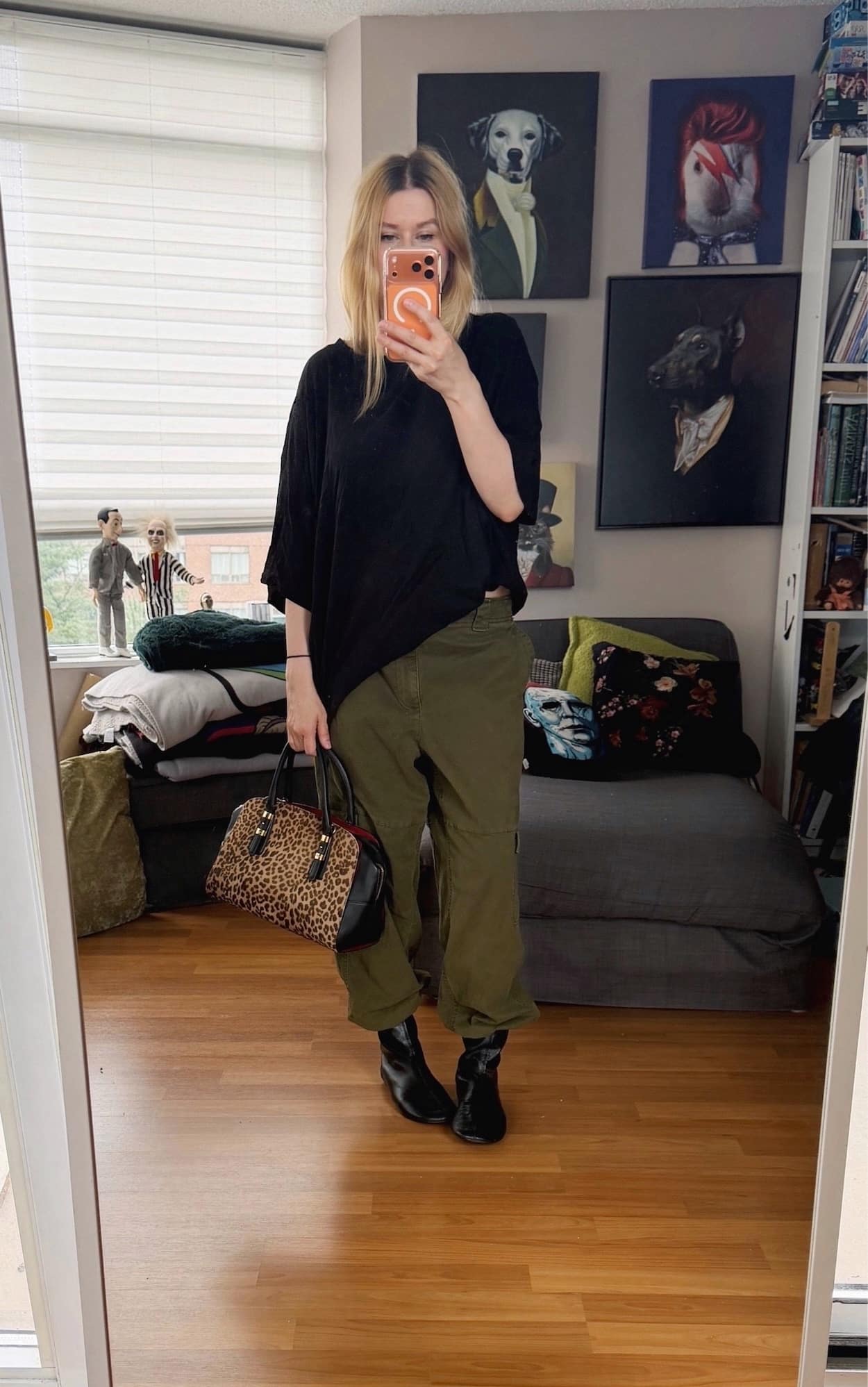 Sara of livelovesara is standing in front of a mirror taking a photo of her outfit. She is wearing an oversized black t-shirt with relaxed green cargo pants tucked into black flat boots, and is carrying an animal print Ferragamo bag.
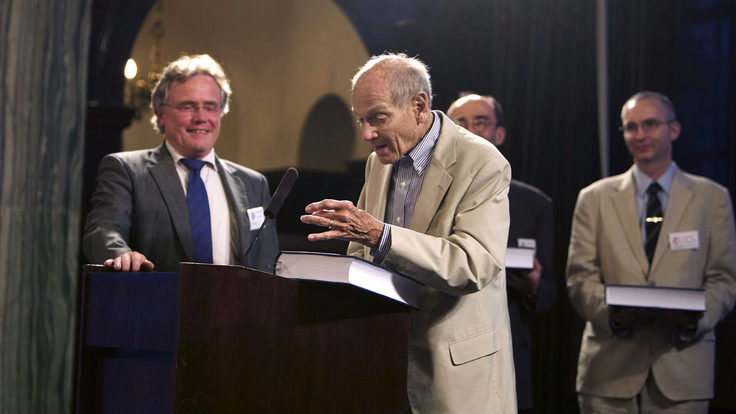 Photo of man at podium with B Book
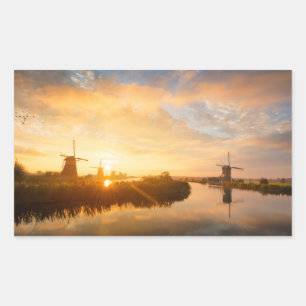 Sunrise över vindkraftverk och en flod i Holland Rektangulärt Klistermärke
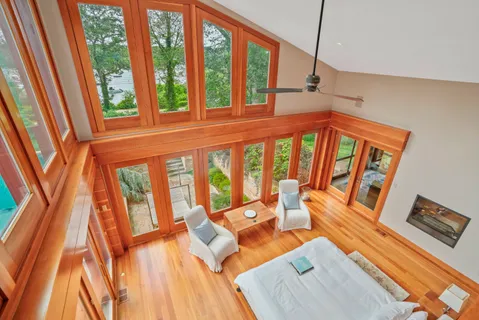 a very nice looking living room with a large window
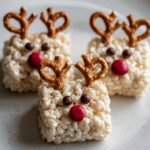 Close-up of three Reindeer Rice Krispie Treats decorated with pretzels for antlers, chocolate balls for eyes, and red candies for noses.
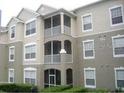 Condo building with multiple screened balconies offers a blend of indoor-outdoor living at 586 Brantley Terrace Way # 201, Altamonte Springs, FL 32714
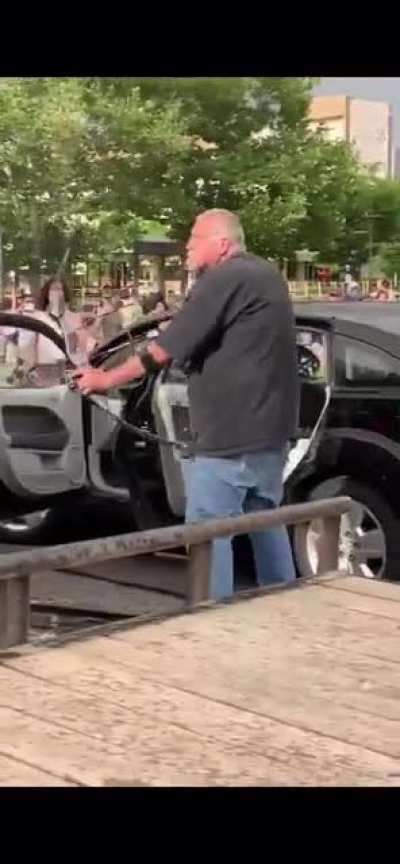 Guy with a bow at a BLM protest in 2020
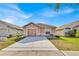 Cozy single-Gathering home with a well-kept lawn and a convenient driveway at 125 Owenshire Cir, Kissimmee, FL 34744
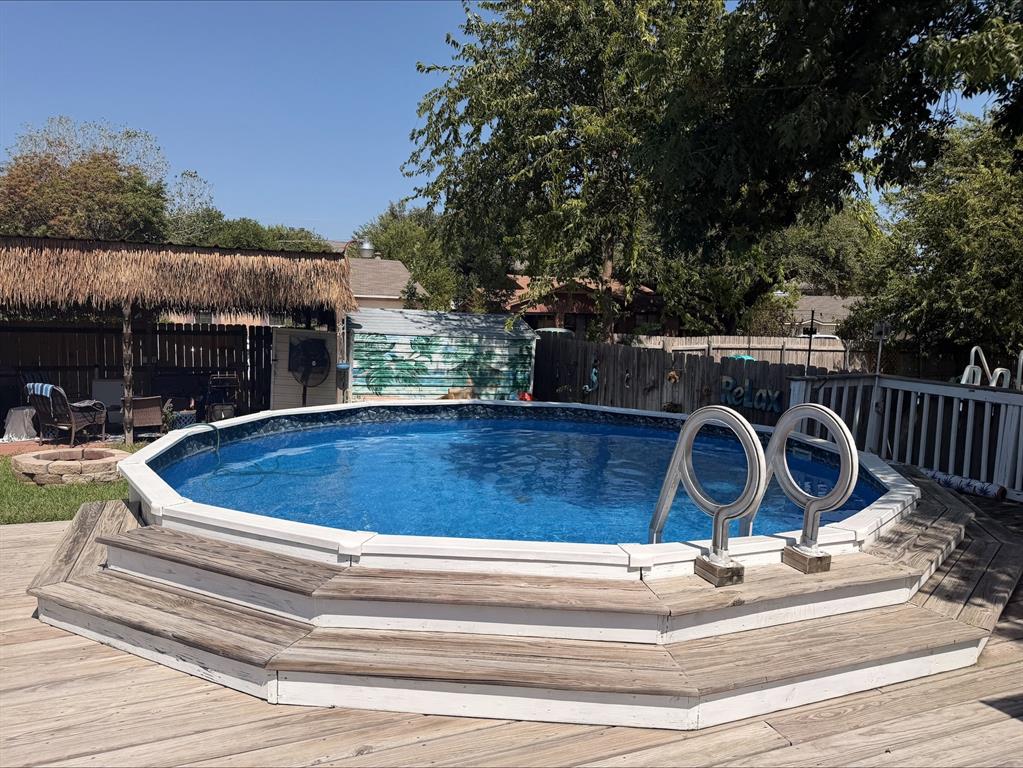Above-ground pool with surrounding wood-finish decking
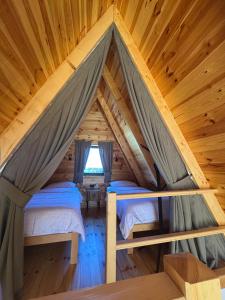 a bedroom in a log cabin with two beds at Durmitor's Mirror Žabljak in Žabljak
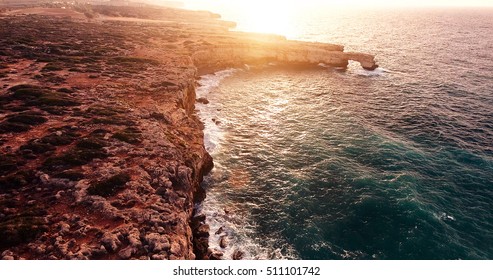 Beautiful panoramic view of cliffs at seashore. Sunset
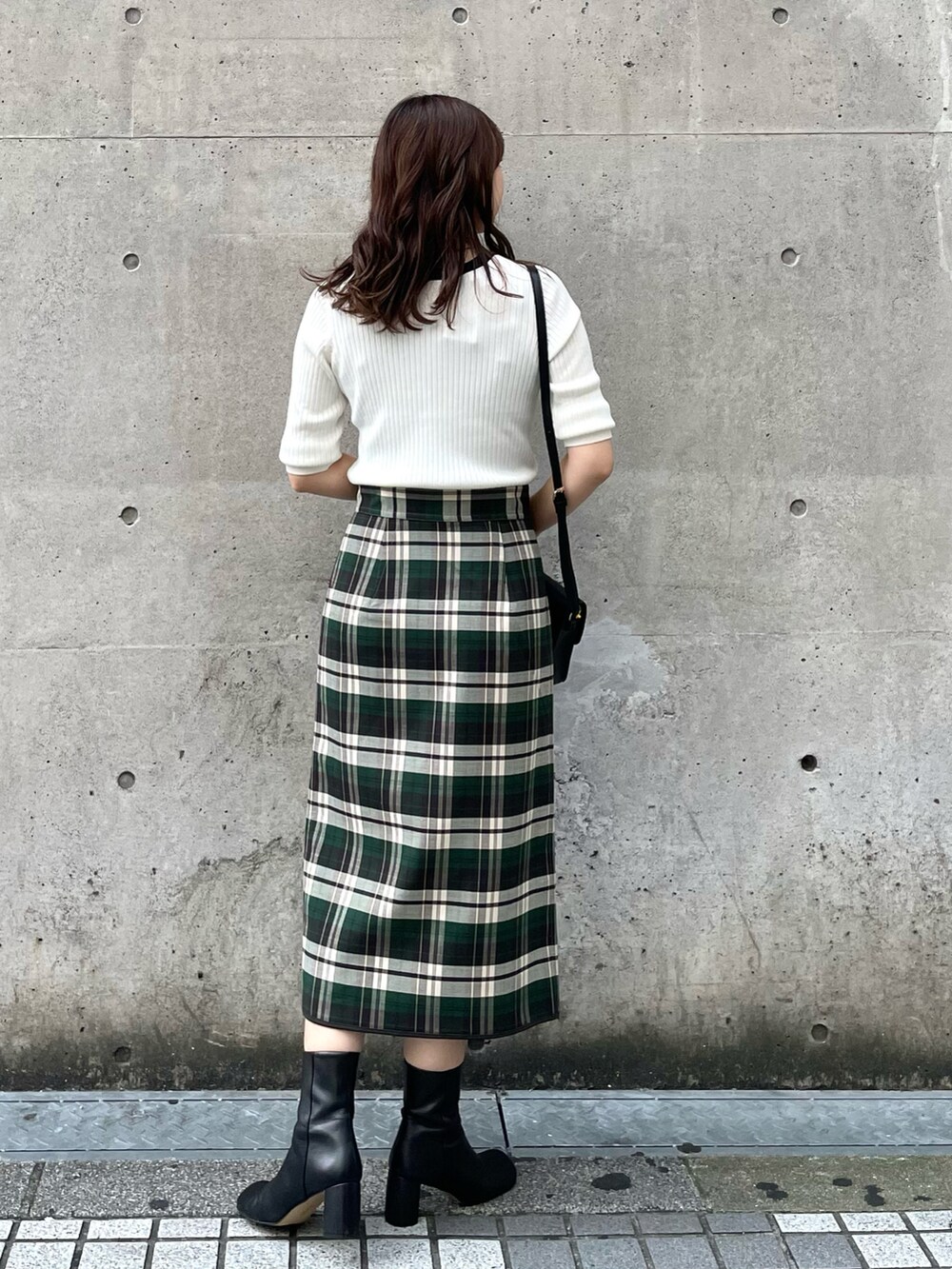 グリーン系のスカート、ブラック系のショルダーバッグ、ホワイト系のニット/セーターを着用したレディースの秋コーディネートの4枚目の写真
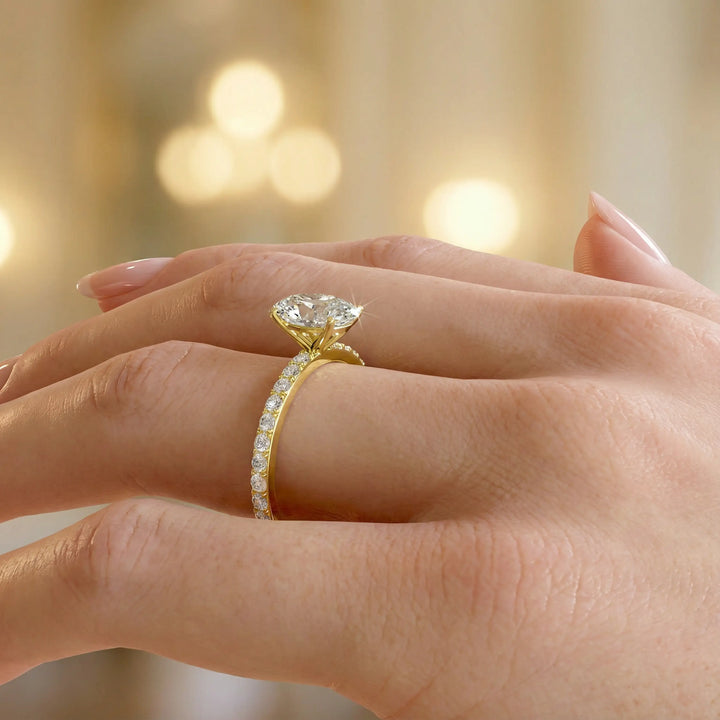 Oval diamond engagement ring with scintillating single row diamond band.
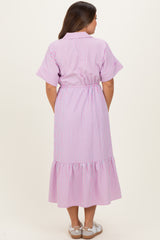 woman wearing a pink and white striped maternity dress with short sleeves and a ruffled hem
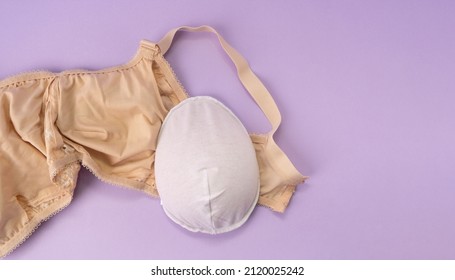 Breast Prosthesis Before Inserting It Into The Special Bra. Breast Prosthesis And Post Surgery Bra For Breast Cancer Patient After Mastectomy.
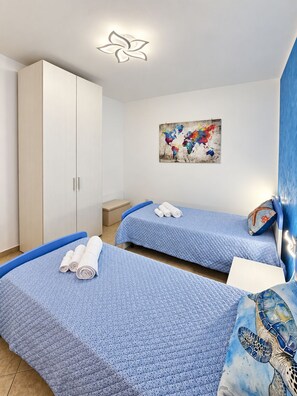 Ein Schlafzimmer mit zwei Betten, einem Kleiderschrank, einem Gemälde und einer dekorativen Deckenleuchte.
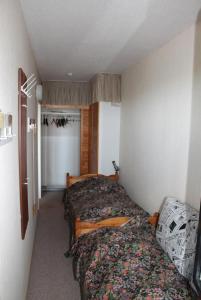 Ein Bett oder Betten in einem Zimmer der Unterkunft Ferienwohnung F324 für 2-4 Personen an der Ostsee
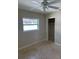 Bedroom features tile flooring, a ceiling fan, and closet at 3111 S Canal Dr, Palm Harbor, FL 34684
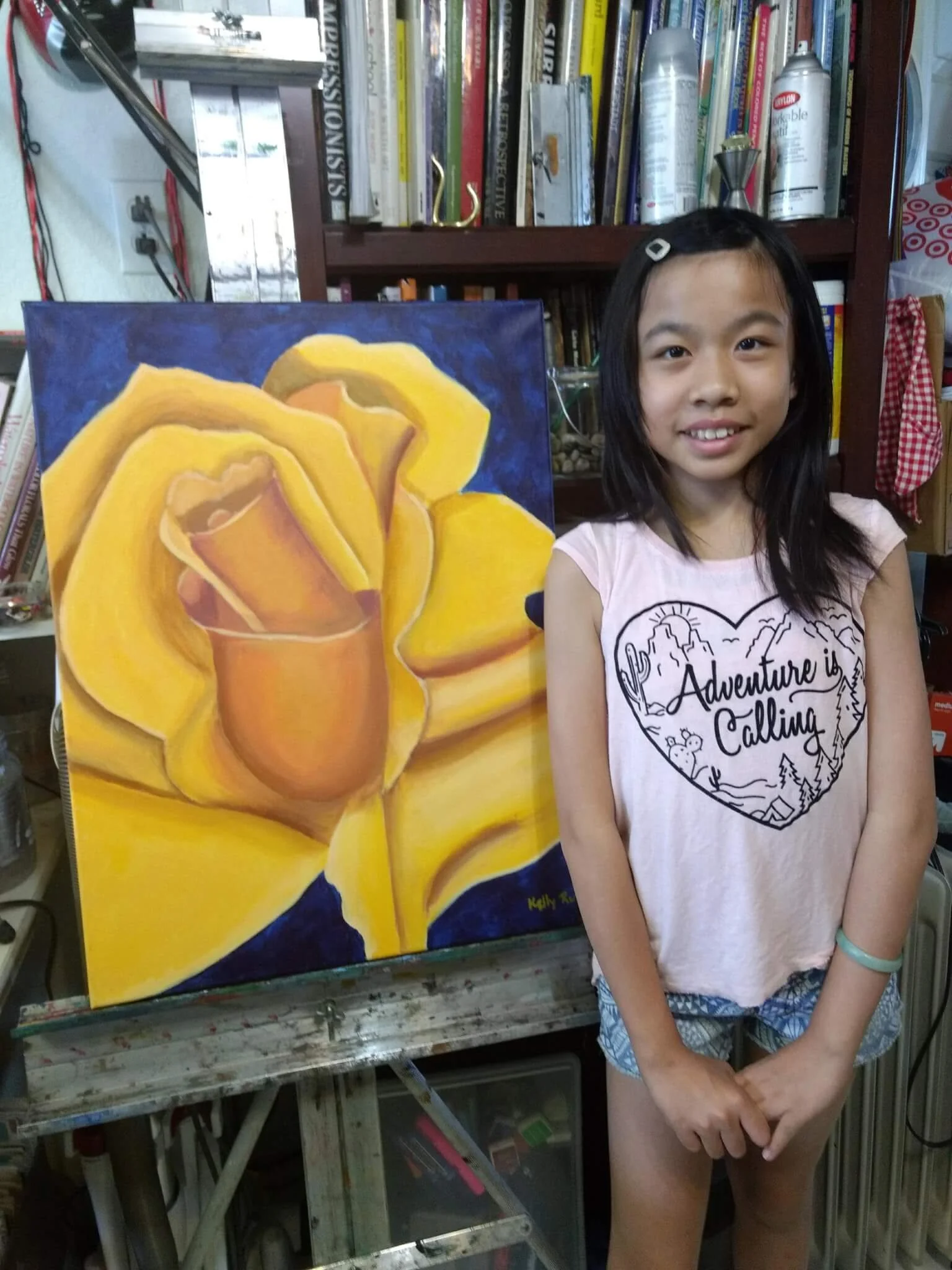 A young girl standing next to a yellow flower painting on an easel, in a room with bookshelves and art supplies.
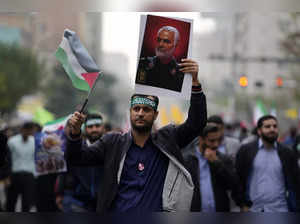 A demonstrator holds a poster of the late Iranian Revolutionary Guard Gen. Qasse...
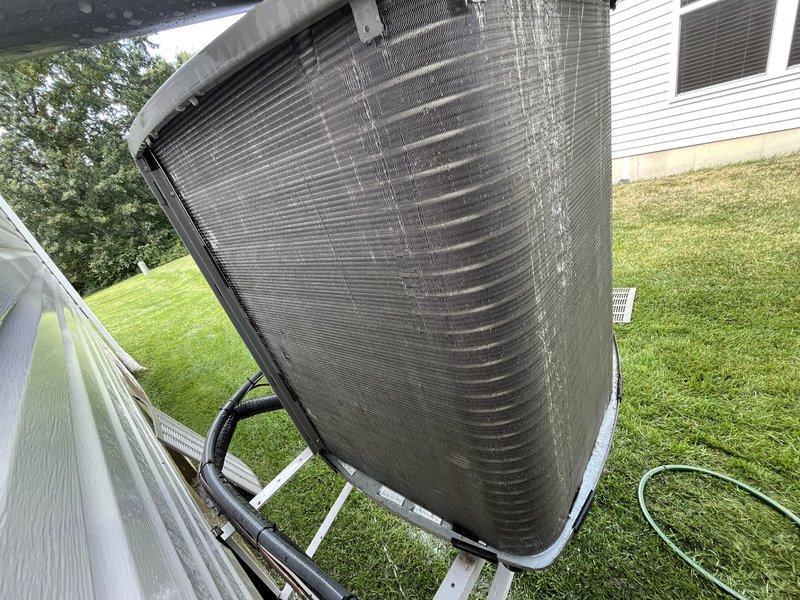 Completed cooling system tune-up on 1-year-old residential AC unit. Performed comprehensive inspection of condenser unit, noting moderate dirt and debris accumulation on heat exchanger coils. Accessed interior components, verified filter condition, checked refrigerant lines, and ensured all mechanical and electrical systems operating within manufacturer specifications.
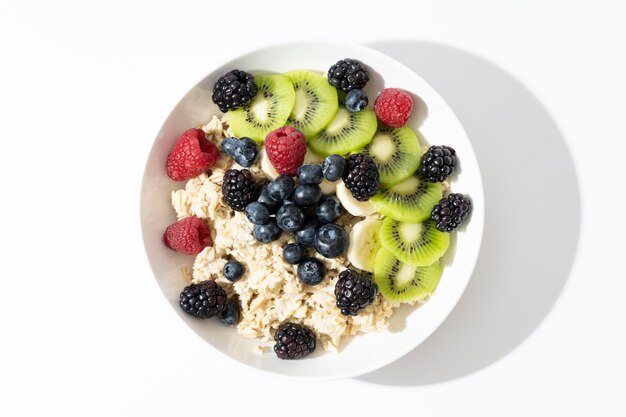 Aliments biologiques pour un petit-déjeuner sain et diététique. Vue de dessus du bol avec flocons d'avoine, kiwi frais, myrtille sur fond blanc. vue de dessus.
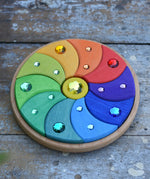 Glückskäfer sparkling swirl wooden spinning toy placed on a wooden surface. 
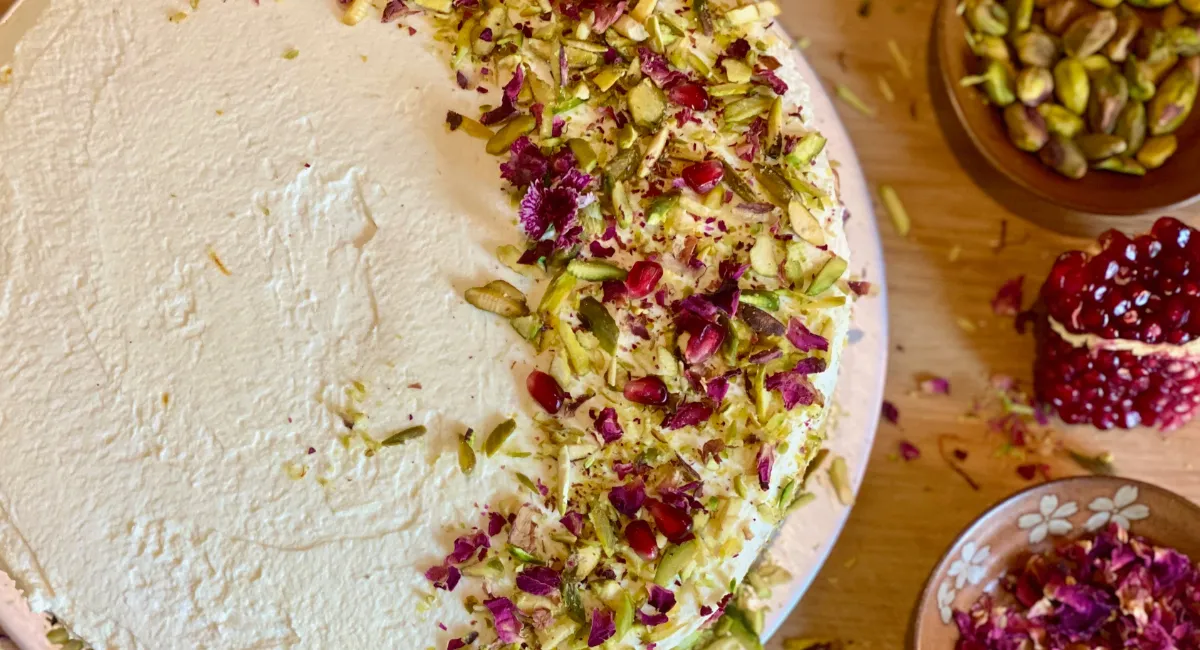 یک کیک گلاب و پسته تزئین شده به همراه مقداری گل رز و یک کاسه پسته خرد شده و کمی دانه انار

**Problem to work on**.
With the pictures left out, write out exactly the lines above from the one containing "Close-up of three" through the one containing "A young girl".

**Solution below**.
 Close-up of three Reindeer Rice Krispie Treats decorated with pretzels for antlers, chocolate balls for eyes, and red candies for noses.
 Condo building with multiple screened balconies offers a blend of indoor-outdoor living at 586 Brantley Terrace Way # 201, Altamonte Springs, FL 32714
 Guy with a bow at a BLM protest in 2020
 Cozy single-Gathering home with a well-kept lawn and a convenient driveway at 125 Owenshire Cir, Kissimmee, FL 34744
Above-ground pool with surrounding wood-finish decking
 a bedroom in a log cabin with two beds at Durmitor's Mirror Žabljak in Žabljak
 Beautiful panoramic view of cliffs at seashore. Sunset
 グリーン系のスカート、ブラック系のショルダーバッグ、ホワイト系のニット/セーターを着用したレディースの秋コーディネートの4枚目の写真
 Oval diamond engagement ring with scintillating single row diamond band.
 woman wearing a pink and white striped maternity dress with short sleeves and a ruffled hem
 Breast Prosthesis Before Inserting It Into The Special Bra. Breast Prosthesis And Post Surgery Bra For Breast Cancer Patient After Mastectomy.
 Ein Schlafzimmer mit zwei Betten, einem Kleiderschrank, einem Gemälde und einer dekorativen Deckenleuchte.
 Ein Bett oder Betten in einem Zimmer der Unterkunft Ferienwohnung F324 für 2-4 Personen an der Ostsee
 Bedroom features tile flooring, a ceiling fan, and closet at 3111 S Canal Dr, Palm Harbor, FL 34684
 A young girl standing next to a yellow flower painting on an easel, in a room with bookshelves and art supplies.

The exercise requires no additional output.